[Dovecot] Please help me resolve why mail isn't being delivered to virtual users

[mouss]

Pascal Volk wrote:
> Am 09.01.2008 21:43 schrieb Asheesh Laroia:
>> Not in the way I was describing:
>>
>> Let's say some person logs on to your Dovecot-based IMAP service and 
>> figures out how to take over Dovecot to read and modify arbitrary files on 
>> the system.  (Timo, I hope this doesn't happen - but bear with me.)  To be 
>> clear, Dovecot's imap handler runs as the UNIX UID associated with the 
>> user logging in, not root.

if there's a bug in dovecot that allows this, then there will also be
bugs that give the whole server to the attacker...

>>
>> In the virtual user setup that the thread starter described, the user 
>> shares his UNIX UID with the other virtual users on the system.  So he has 
>> UNIX permission to read and write other users' mail.
> 
> This will be only the case, if you have a poor™ setup.

poor? come on!

> If the setup is done right, each imap/pop user will have it's on UID.
> And therefor each imap/pop process will run with the UID from the user.
> 

using different uids means that the delivery agent needs some privilege
to write to the mailboxes. In general, this is achieved by making the
MDA suid.

and since we are talking about possible bugs, what do you think are the
consequences of potential bugs in the MDA if it is suid?

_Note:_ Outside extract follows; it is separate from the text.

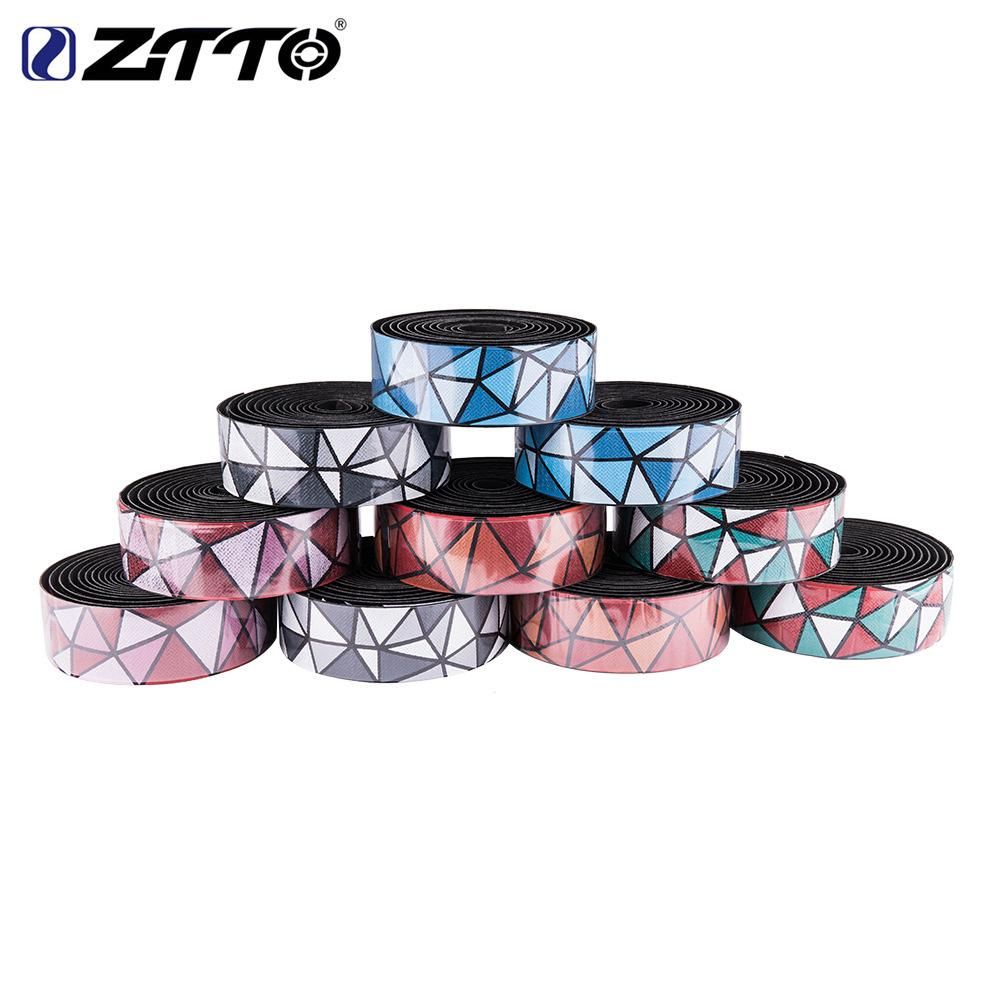 ZTTO Bike Handlebar Tape Anti-Vibration Wrap with 2 Bar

Note that using different uids with virtual users don't bring much. one
needs to make sure there is no uid collision with unix users (which
means you must make sure adduser doesn't create an account with a uid
used by a virtual mailbox). the only thing it brings is that the uid has
no "name" and can't login.

I have found that a single uid/gid have many benefits. for example, the
same uid is used to retrain spamassassin.